Your task =
Skip the pictures and give back the rest of the listing exactly.

Information provided =
********************
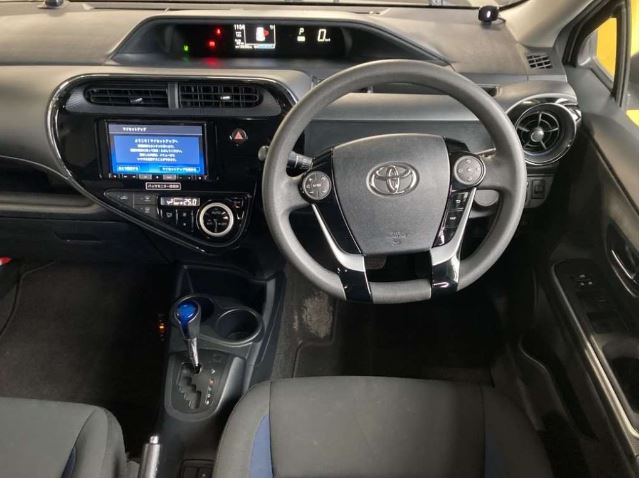 Car image 2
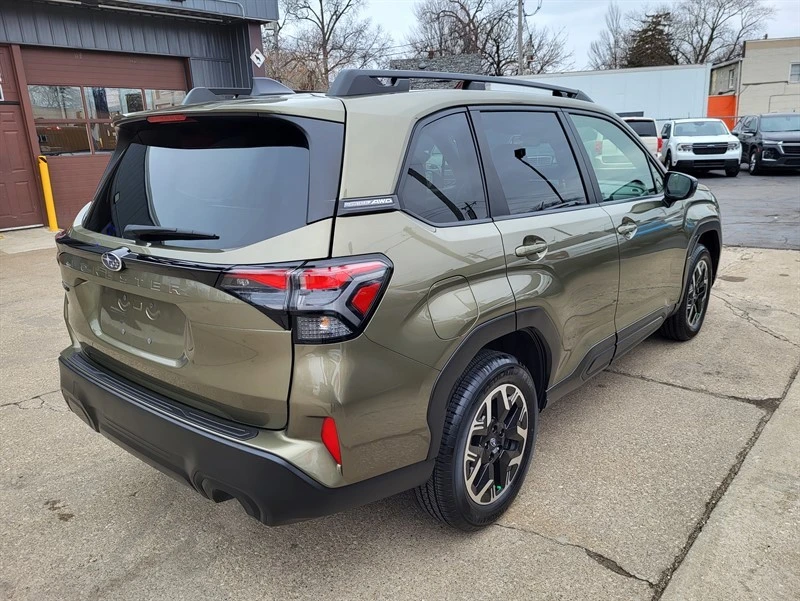 2025 Subaru Forester 5th Gen - Image 4 of 17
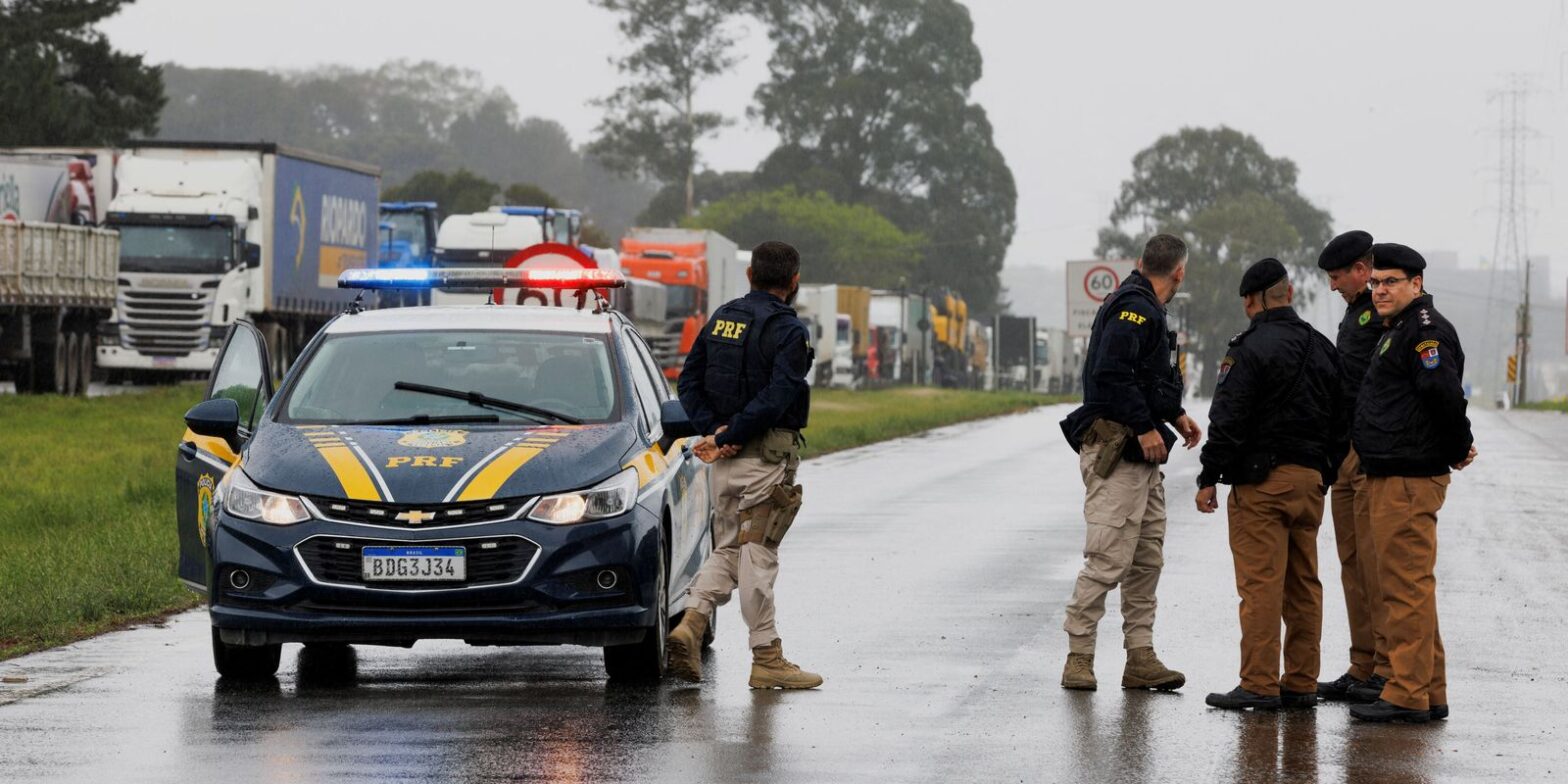 Rodovias federais têm 18 pontos de bloqueio em três estados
********************
Output for this exercise =
 Car image 2
 2025 Subaru Forester 5th Gen - Image 4 of 17
 Rodovias federais têm 18 pontos de bloqueio em três estados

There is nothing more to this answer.